- Task statement -
Would you return the listing that follows exactly, leaving its pictures behind?

- Data segment -
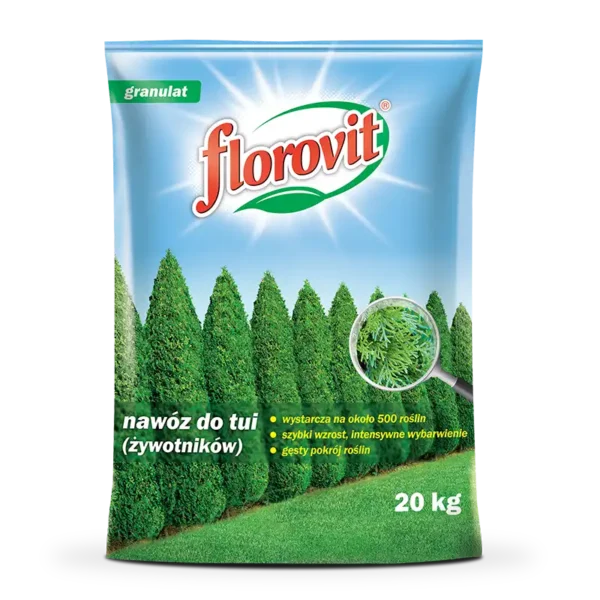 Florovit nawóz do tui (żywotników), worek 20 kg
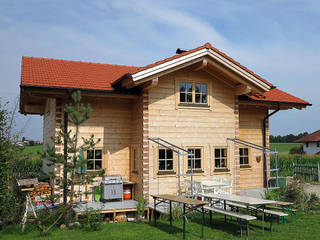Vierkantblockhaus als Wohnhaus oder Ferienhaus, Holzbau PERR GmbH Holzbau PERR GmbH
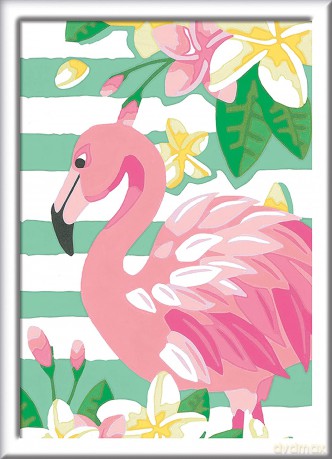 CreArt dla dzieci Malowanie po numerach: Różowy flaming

- Task answer -
 Florovit nawóz do tui (żywotników), worek 20 kg
Vierkantblockhaus als Wohnhaus oder Ferienhaus, Holzbau PERR GmbH Holzbau PERR GmbH
 CreArt dla dzieci Malowanie po numerach: Różowy flaming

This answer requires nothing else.